Danger Mouse, I just checked out the DAICH website with the SpreadStone and SpreadRock! Both look like awesome products. I found the name of a store that carries it nearby, but was wondering what kind of money we are looking at. No prices were listed, and the video stated it was "a fraction of the cost of the real stuff" or something to that effect. If you would please give me a "heads up"...so that I don't make the trip (out of town) if it is WAAAy beyond my means.

:thumbup:FYI to all the others looking for a way to renew your counter tops, go to www.thriftyfun.com
There are some great pics showing how to renew your countertops with acrylic paint like you'd get at Hobby Lobby. Just put "paint counter tops" in the search box and you should find it fairly easy. The pics show that their techniques look like granite.

figgypie


----------



## DangerMouse (Jul 17, 2008)

http://www.hardwareworld.com/Spread-Stone-White-Base-1-gallon-pEC0THR.aspx

in price, it's about the same as painting with a good quality paint.

DM


----------



## Bob Mariani (Dec 1, 2008)

if you have hvlp spray equipment and know how to spray there are several excellent methods to paint countertops. Even making them look like a granite or marble top. I am doing this right now for a current client. Check out Hawk Industries web site. Final surface is about 10 times harder than the finest car finish. Very long lasting.


----------



## chrisn (Dec 23, 2007)

Be careful what products you apply in any food prep areas.


----------



## sirwired (Jun 22, 2007)

If the countertops are currently laminate, you may want to consider re-laminating. This will last longer than most/all DIY alternatives, and is quite inexpensive. Laminate now is tougher than it was many years ago, and putting on a new layer is not an insurmountable job for a DIY.

SirWired


----------



## fwdmd (Aug 16, 2009)

*Food-grade paint for laminate kitchen countertop*

I get this question a lot, and I usually say - don't paint your countertops, unless you're sure the product meets your requirements. (I work at Home Depot, and I wouldn't recommend anything we carry, unless it's just a cabinet or furniture thing.)

My big concern is - and it was brought up earlier - if you're talking food-grade renovation for kitchen countertops - is there any safety in products that "could" work? Also, if the paint isn't truly germicidal or amenable to products that really clean for germs - simple green to clorox - is that even safe to recommend? Countertops anywhere, including bathrooms - are havens for dings and germy films, and that's sort of the point of laminate???? 

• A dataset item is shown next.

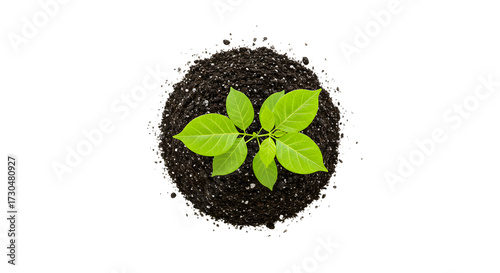 Young Green Plant Growing in Dark Soil on White Background
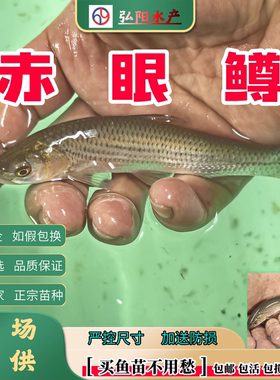 赤眼鳟鱼苗3-18厘米批量批发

Just my thoughts, looking for how to better advise, and if I'm off-base, so thanks!


----------



## housepaintingny (Jul 25, 2009)

There are systems to refinish all kinds of countertops, shower, tubs, ect. , but its impractical for most homeowners because the equipment cost about $1,500. Midwest chemicals has some products, but you need the 1500 watt drying light and a hvlp sprayer. You spray it on and the drying light literally dries it in seconds. You could always clean the surface with tsp powder per directions, scuff the surface up, prime with a bonding primer for laminate, apply two coats of 100% acrylic paint, top coat with 3 coats of a water based polyurethane. it would last a while, but is it food safe? I have done this on some office desk tops before and it works great. 
www.kelloggspainting.com


----------



## annie68164 (Jun 15, 2008)

Danger Mouse, did you ever use spreadstone on your kitchen counters?


----------



## DangerMouse (Jul 17, 2008)

Not yet, still undecided.

DM


----------



## user1007 (Sep 23, 2009)

This is a three year old post. Does the site ever KO anything?


----------



## Leah Frances (Jan 13, 2008)

sdsester said:


> This is a three year old post. Does the site ever KO anything?


You can't beat a dead horse til it's dead. Who beats a dying horse? :laughing:


----------